China does seem a bit nonplussed at Russia’s all-out invasion, however. They apparently expected something much less kinetic, and now want Putin to enter into “balanced negotiations” with Ukraine to dial it down a bit:

The Chinese president has urged Vladimir Putin to resolve the conflict with Ukraine “through negotiations” as the Russian army doubled down on its invasion.

Xi Jinping told his Russian counterpart to use “balanced negotiations” in a phone call on Friday, the first publicised meeting between the two leaders since Putin’s visit to Beijing during the Winter Olympics. …

China’s refusal to acknowledge the all-out military assault and the attack on cities such as Kyiv, much less join in international condemnation of it, reflects the strength of Xi’s relationship with Putin, according to experts.

Putin responded that he’s open to the idea, but on his terms and on friendly turf only:

Vladimir Putin is prepared to send a delegation to Minsk for negotiations on Ukraine’s neutrality as Russia continues its full-scale invasion of Ukraine, the Kremlin said on Friday.

Dmitry Peskov, the Russian president’s spokesman, said that Russia was ready to send a group from its defence and foreign ministries alongside Kremlin officials for talks with Ukraine in the Belarusian capital.

Russia’s conditions, however, effectively amount to Ukraine’s surrender.

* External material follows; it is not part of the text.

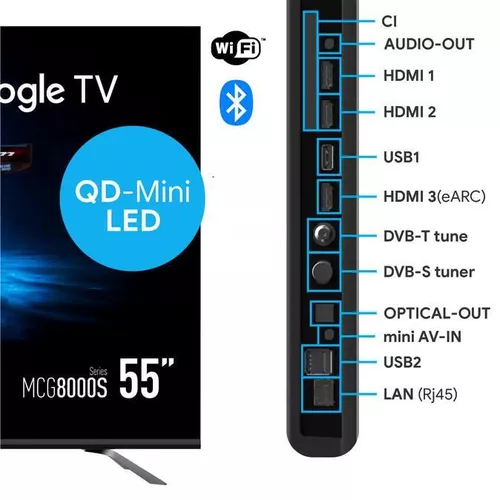 cumpără Televizor Blaupunkt MiniLED 55MСG8000 144 Hz în Chișinău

Peskov said that Russia considered “demilitarisation and de-Nazification” of Ukraine, Putin’s ostensible reason for the invasion, to be an “inseparable component of neutral status”.

That’s not a promising development. That may be why the EU has decided to escalate sanctions a little more today, according to Bloomberg and the Financial Times. They plan to seize the assets of Putin and Russian foreign minister Sergei Lavrov as a penalty for the invasion:

European Union diplomats approved a plan to sanction Russian President Vladimir Putin and Foreign Minister Sergei Lavrov over the invasion of Ukraine, a move that would freeze their overseas assets, according to two senior officials.

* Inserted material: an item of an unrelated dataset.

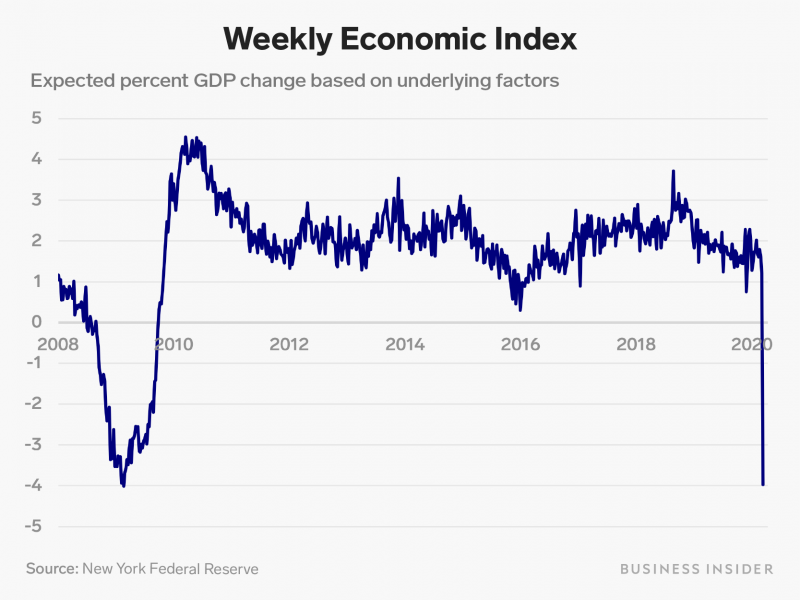 ny fed weekly economic indicators 3 31 20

The asset freeze, which comes in addition to a broader package of sanctions that the EU approved early Friday, does not affect the ability of Putin or Lavrov to travel, the officials said, as the EU seeks to keep diplomatic avenues open.

The details of Putin’s wealth are something of a mystery. Officially, he owns hardly any assets. His annual income is about 10 million rubles ($120,850), and he owns three cars and an apartment, according to his latest financial disclosure.

Putin’s wealth is rumored to be among the largest in the world, but it’s almost certainly not located in EU institutions or in the US either. He might hold some nominal wealth in such places, but he’s far more likely to have it stashed in South America and Asia — perhaps especially in China. The only way to disrupt Putin’s access to wealth is to cut Russia out of the SWIFT program, and Putin already knows that won’t happen after Biden’s presser yesterday. Biden declared that he’d wait “a month” or so to see what impact these incremental sanctions will have, by which time Ukraine will likely have been completely invested by Russian forces. (The long and bloody occupation that would follow this will have only just begun, of course.)

If this is the best that the White House can do for spin, it’s an admission that their influence around the world — and by extension, American influence — has hit its nadir.